### [Activity]
Only an exact copy belongs in the answer: the line with "Building Photo - 4001 Windy Meadow Ct" and every line after it through the end of the records, pictures left out.

### [Caption-style text data]
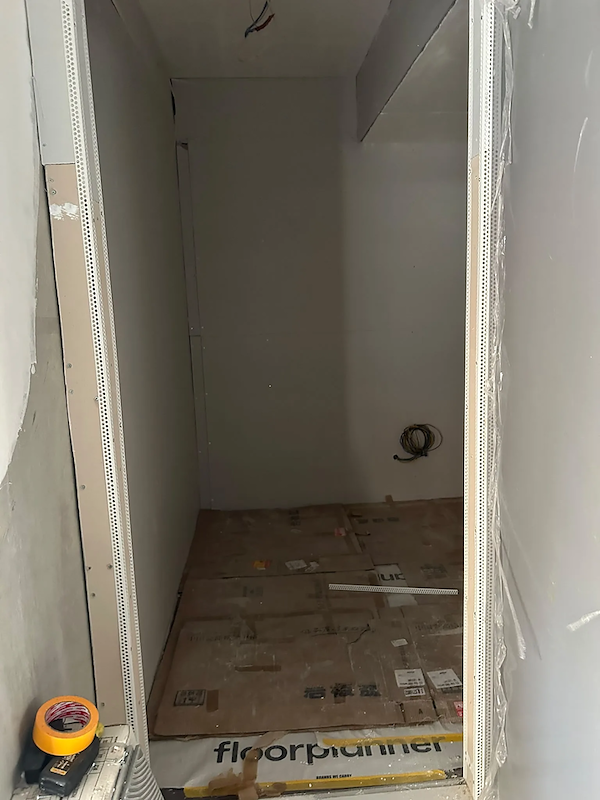 37EW renovation in progress, photo 2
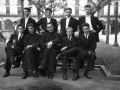José Mari Murua junto a algunos amigos en la plaza de los Fueros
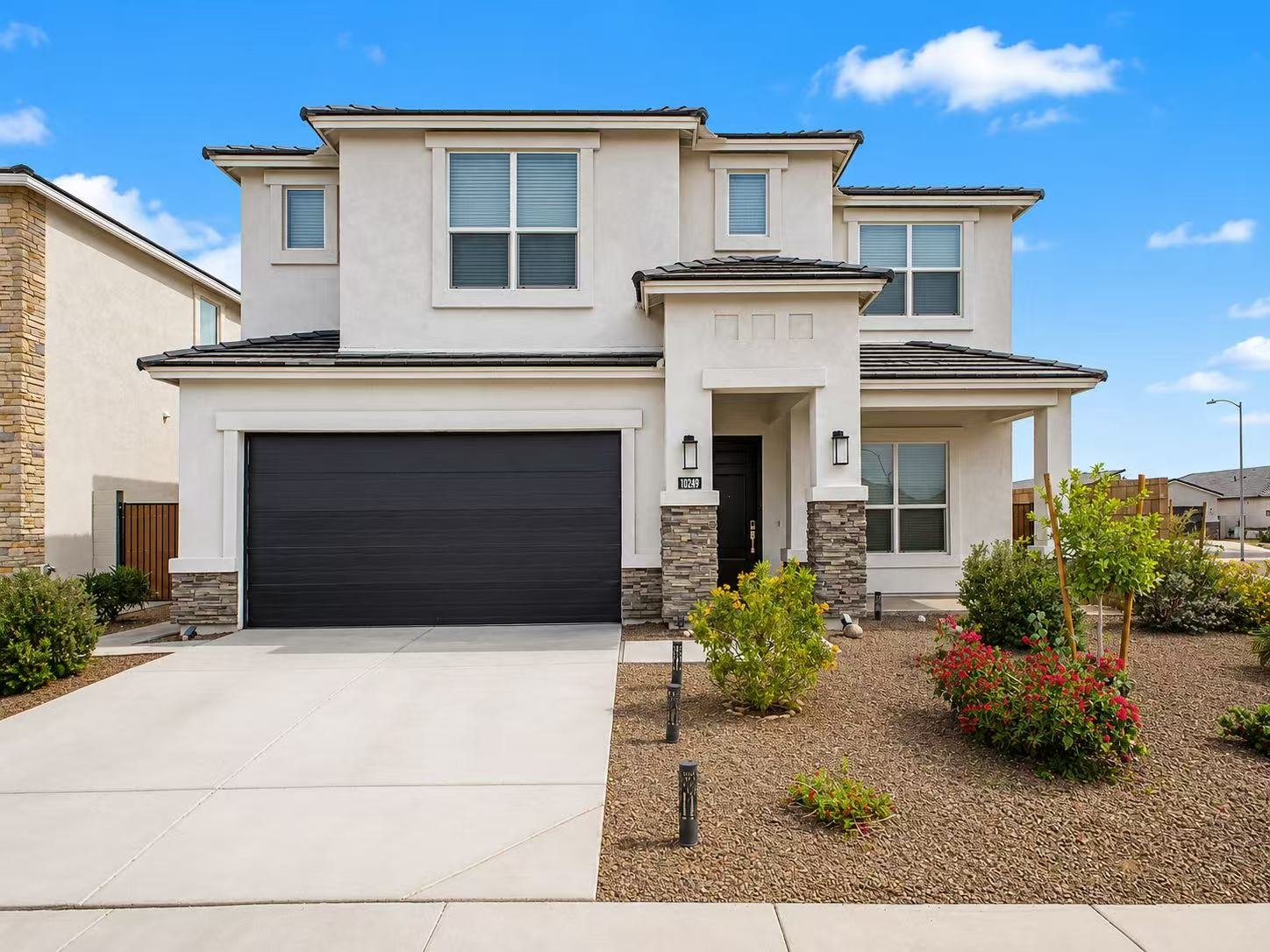 Peoria House: 10249 W Adam Ave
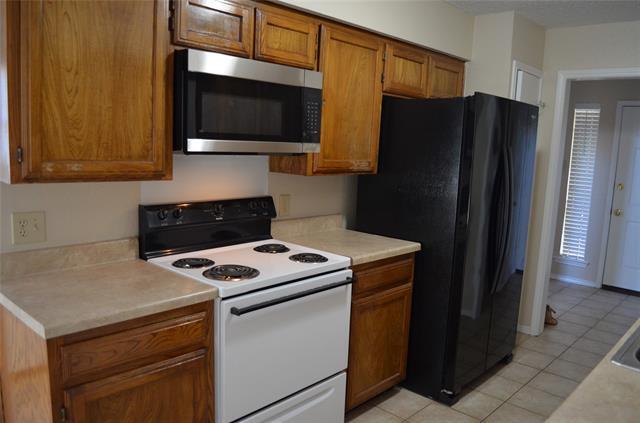 Building Photo - 4001 Windy Meadow Ct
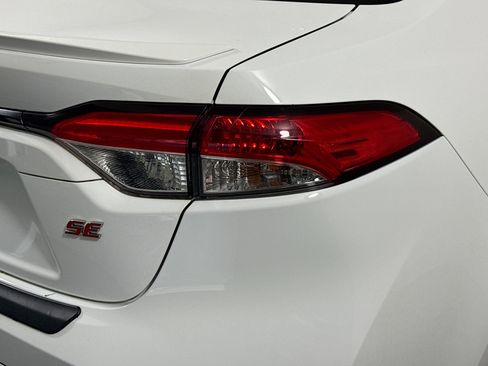 Used 2020 Toyota Corolla SE image 32
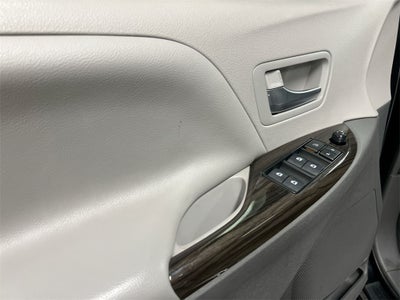 2018 Toyota Sienna XLE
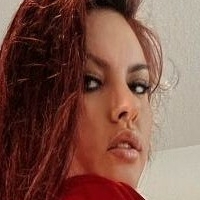 Белла Мкеј Голе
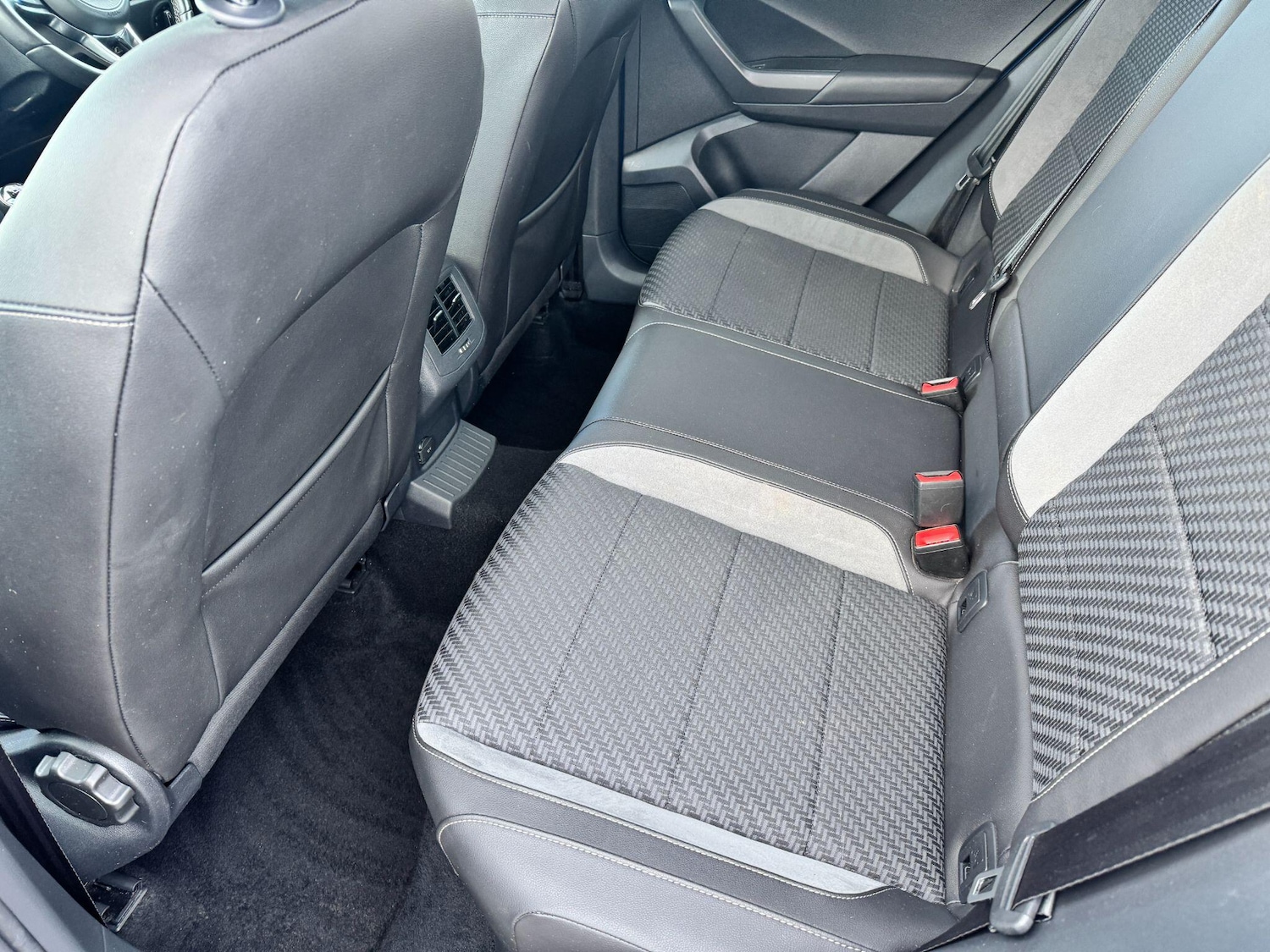 Used Volkswagen T-Roc 2018 for sale - 76965371: Photo 13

### [Solved problem]
 Building Photo - 4001 Windy Meadow Ct
 Used 2020 Toyota Corolla SE image 32
 2018 Toyota Sienna XLE
 Белла Мкеј Голе
 Used Volkswagen T-Roc 2018 for sale - 76965371: Photo 13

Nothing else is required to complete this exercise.